Abe werd premier in 2012. Hij beloofde om Japan uit het slop te trekken. Om onder het juk van chronisch lage groei en deflatie vandaan te komen, paste Abe de schoktherapie toe. Zijn Abenomics steunden op drie grote pijlers: fiscaal, monetair en groei. De regering Abe ging diep in het rood voor onder meer infrastructuurwerken ondanks de toen al gigantische en groeiende schuldenberg. Met zijn keuze voor Kuroda in 2013, had Abe een machtige gelijkgezinde aan het hoofd van de Bank of Japan.
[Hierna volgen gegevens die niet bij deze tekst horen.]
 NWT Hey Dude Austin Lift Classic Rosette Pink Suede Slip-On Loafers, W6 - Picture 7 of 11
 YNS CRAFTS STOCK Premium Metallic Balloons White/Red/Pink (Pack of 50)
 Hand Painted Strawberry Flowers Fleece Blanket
Monetaire taboes sneuvelden doorheen de jaren: negatieve rentes, massale opkoopprogramma’s van overheidsobligaties én aandelenfondsen (ETFs), yield curve control … Abe’s derde speerpunt was ondersteuning van de groei. Hij maakte Japan aantrekkelijker voor buitenlands kapitaal en investeringen. Abe zorgde ook voor een vrouw- en migrantvriendelijkere arbeidsmarkt, een cruciale zet tegen de vergrijzing waarmee het land kampt.
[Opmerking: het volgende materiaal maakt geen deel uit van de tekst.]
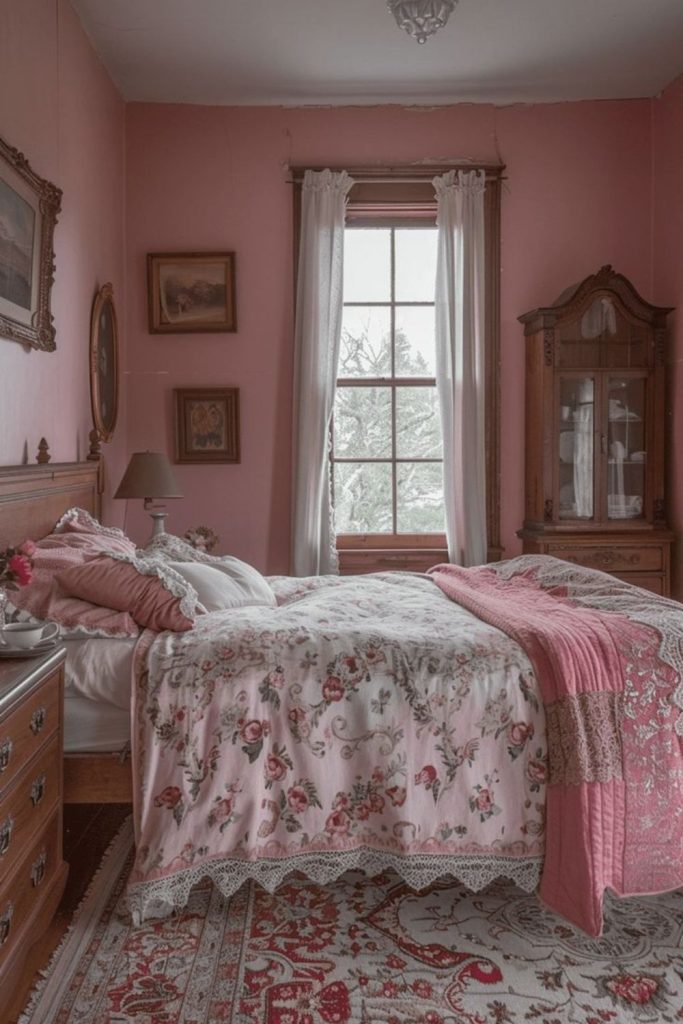 Rose accent bedding in vintage room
Japan’s track record onder Abe is gemengd. Het land kende vanaf 2016 de langste groei in anderhalf decennium tot die in 2018 eindigde. Eind vorig jaar belandde Japan terug in een recessie die mee het gevolg was van een onfortuinlijke btw-verhoging. Eenzelfde beslissing bracht Japan ook in 2014 in het sukkelstraatje. De werkloosheidsgraad daalde tot de laagste niveaus sinds de jaren ’90, maar inflatie haalde de 2%-doelstelling op een technische uitzondering in 2014-2015 na bijlange niet. Abe’s opzet lijkt op de markten beter geslaagd: de Nikkei noteert zo’n slordige 180% hoger dan in 2012. De yen staat 30 à 40% goedkoper tegen de euro resp. dollar, een zegen voor Japanse bedrijven.
De toekomst van Japan is op dit moment onzeker. De opvolgingsrace barstte inmiddels los en levert normaal midden volgende maand een nieuwe premier op. Voormalig minister van Defensie Ishiba, minister van BuZa Kishida en Abe’s rechterhand Suga zijn momenteel de grootste kanshebbers. Suga staat voor continuïteit en zou verder bouwen op het gelegde grondwerk. Ishiba staat populistischer te boek en is argwanend t.o.v. het uiterst soepel monetair beleid. Kishida streeft zo mogelijk een nog soepeler (fiscaal) beleid na. Drie kandidaten, drie visies. Toch verandert een nieuwe premier in eerste instantie waarschijnlijk weinig. In de huidige corona-omstandigheden is een Copernicaanse omwenteling van het beleid allicht geen prioriteit. Bovendien zijn er in oktober volgend jaar in principe verkiezingen. Hoeveel accenten kan de nieuwe premier écht nog leggen? Van hieruit bekeken is de snelle terugkeer van de rust naar de Japanse markten vanmorgen niet abnormaal. Japan slaat een belangrijke bladzijde om, maar beleggers vrezen het post-Abenomics tijdperk voorlopig niet.